Thursday, 19 March 2020

A couple of murder mysteries


I'm just back from four days in Cornwall, had a lovely time seeing my Cornish family down there and made the most of it because it's clearly going to be a while before we can go again. My husband is 'at risk' from the corona virus, with a heart condition and diabetes, and as such we'll have to isolate ourselves for the duration. I won't be bored... books and book blogging, jigsaws, knitting, cooking, the garden, social media... but I will badly miss my daughters and grandkids. We're a close knit family who support each other in everything and that will be a loss. Still, it's necessary and this too shall pass.

I have a couple of crime book reviews to catch up on, first up, Castle Skull: A Rhineland Mystery by John Dickson Carr. This is my 3rd. book for the European Reading challenge covering the country of 'Germany'.


Fifteen years ago a flamboyant stage magician, Malegar, died when he either fell or was pushed from a moving train. Now an actor friend of his, Myron Alison, has died, set alight and burned to death on the battlements of Malegar's old home, Castle Skull. French detective, Henri Bencolin, and his associate Marle (the narrator of the story) are asked to go to the castle, near Coblenz on the Rhine, to investigate. They stay opposite the castle in the home of the dead man, Alison, which is now being lived in by his sister, Agatha.
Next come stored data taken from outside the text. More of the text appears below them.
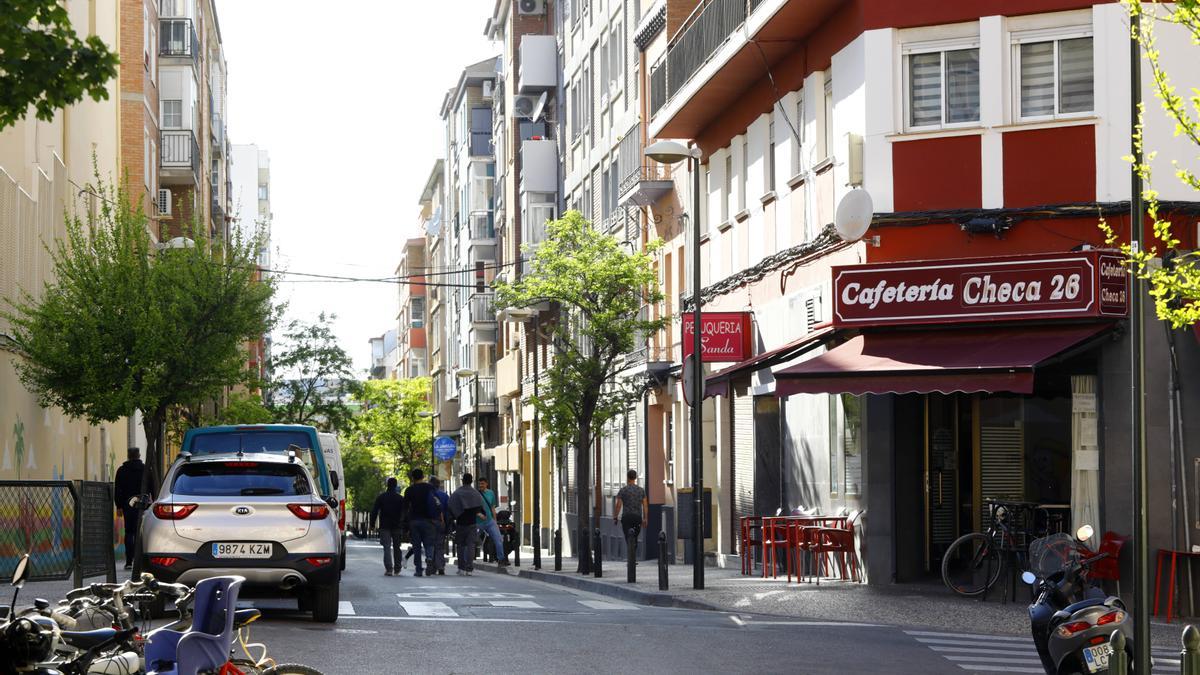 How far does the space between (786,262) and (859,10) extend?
219 inches

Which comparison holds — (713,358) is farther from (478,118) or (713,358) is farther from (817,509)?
(478,118)

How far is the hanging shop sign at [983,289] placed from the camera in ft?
72.7

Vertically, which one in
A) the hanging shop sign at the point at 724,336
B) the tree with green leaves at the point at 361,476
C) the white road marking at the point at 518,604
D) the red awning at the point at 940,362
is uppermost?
the hanging shop sign at the point at 724,336

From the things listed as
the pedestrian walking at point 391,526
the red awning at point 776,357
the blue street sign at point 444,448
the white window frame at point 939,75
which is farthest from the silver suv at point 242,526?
the blue street sign at point 444,448

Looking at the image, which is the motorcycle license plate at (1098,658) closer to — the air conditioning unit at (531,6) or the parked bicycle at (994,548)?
the parked bicycle at (994,548)

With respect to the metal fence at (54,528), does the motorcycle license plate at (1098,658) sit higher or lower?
lower

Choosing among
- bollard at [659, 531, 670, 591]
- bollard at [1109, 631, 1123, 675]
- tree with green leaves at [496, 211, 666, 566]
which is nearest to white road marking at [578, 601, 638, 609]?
bollard at [659, 531, 670, 591]

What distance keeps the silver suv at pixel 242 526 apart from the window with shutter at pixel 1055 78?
35.8ft

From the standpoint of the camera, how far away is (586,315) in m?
34.5

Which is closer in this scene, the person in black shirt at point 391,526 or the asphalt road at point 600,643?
the asphalt road at point 600,643

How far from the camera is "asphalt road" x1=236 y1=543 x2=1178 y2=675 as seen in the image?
48.2 ft

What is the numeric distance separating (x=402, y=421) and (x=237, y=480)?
3674 inches

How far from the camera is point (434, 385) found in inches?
4284

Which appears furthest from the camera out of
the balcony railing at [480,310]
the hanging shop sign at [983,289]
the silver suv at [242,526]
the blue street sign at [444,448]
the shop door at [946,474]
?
the balcony railing at [480,310] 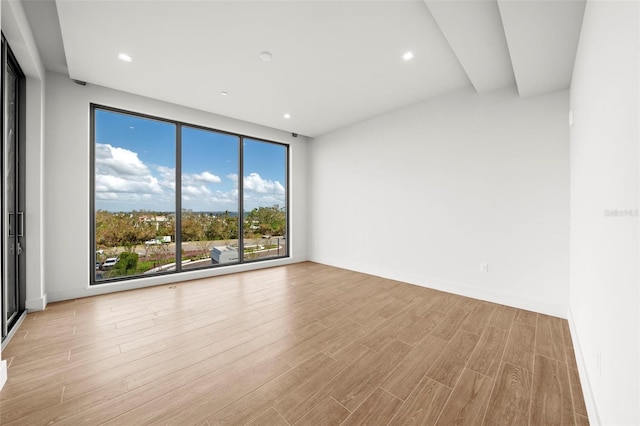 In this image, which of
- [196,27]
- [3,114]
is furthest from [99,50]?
[196,27]

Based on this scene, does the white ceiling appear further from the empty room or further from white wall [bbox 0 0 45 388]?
white wall [bbox 0 0 45 388]

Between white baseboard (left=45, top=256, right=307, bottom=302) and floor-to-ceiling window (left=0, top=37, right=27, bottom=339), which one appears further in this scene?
white baseboard (left=45, top=256, right=307, bottom=302)

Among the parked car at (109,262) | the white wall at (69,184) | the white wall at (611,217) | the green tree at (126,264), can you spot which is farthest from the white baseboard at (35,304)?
the white wall at (611,217)

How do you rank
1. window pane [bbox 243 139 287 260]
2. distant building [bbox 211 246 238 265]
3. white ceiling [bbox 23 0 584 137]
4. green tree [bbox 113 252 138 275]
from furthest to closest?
window pane [bbox 243 139 287 260] < distant building [bbox 211 246 238 265] < green tree [bbox 113 252 138 275] < white ceiling [bbox 23 0 584 137]

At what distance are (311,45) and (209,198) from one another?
3.12 metres

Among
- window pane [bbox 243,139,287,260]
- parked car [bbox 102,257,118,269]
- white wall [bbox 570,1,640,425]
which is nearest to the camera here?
white wall [bbox 570,1,640,425]

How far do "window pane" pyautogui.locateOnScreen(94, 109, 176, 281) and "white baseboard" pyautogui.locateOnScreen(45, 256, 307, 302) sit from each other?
6.8 inches

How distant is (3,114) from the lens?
2.23 metres

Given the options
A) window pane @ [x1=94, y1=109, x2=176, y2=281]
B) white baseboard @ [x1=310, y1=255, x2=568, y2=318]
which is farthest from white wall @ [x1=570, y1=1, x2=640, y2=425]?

A whole list of suspects are also staying, along with Bencolin and Marle... can the two men, plus the German police, get to the bottom of this mystery?
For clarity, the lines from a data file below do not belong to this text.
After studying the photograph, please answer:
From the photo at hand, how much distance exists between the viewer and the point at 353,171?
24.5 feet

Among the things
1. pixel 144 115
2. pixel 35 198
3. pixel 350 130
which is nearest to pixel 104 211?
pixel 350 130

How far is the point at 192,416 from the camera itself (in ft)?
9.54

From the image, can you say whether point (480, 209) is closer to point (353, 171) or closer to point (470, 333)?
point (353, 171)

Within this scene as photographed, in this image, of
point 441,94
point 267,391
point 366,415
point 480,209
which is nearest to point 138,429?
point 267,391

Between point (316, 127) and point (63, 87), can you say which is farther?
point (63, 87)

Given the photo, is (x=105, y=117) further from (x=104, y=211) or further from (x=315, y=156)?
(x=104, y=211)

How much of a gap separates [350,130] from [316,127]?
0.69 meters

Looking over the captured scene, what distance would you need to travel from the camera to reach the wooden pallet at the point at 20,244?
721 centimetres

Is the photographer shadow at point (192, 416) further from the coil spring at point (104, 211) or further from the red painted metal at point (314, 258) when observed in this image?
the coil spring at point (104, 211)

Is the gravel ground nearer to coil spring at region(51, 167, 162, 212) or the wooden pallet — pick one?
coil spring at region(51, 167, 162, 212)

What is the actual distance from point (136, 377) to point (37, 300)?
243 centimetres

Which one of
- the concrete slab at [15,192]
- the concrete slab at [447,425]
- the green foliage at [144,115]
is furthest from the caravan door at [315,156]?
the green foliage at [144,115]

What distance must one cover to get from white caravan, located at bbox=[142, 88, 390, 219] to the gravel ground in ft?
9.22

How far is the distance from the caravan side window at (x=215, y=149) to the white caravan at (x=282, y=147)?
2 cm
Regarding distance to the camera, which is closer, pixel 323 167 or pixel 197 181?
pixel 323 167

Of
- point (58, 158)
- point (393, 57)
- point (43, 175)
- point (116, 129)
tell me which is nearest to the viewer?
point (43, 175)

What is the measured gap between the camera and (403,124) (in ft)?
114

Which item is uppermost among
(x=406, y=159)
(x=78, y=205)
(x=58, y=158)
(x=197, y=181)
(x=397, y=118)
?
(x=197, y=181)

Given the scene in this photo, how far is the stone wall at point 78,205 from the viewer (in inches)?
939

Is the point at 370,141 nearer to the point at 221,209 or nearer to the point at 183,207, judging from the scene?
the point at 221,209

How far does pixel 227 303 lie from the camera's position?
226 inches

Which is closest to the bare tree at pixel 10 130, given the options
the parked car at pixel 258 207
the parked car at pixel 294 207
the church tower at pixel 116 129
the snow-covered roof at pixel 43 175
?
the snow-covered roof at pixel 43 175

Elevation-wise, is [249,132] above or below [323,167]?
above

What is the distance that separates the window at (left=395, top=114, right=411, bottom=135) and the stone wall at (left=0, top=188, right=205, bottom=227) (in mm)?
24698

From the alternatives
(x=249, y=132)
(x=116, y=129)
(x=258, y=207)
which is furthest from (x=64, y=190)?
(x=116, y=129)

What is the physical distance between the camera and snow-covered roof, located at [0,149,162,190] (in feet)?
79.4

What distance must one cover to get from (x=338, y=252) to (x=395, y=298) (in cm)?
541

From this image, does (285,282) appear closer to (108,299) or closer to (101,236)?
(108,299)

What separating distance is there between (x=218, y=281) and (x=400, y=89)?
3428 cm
There's a lot more to this story than I've outlined, to be honest I found the plot quite hard to follow, overly melodramatic, and was constantly confused as who was who and what happened when. My confusion did clear as the book moved on and I did begin to enjoy it a bit more. But I never did take to the detective, Bencolin, didn't feel that his character was fleshed out at all and mostly the book was inhabited by a large cast of very unpleasant people. What did come over strongly was a sense of the Rhine, the dangers of the river, its moods, the high cliffs and hills on either side, the traffic on it and so on. I enjoyed that aspect more than the mystery if I'm honest and will see if I can see any non-fiction books about the river and its history.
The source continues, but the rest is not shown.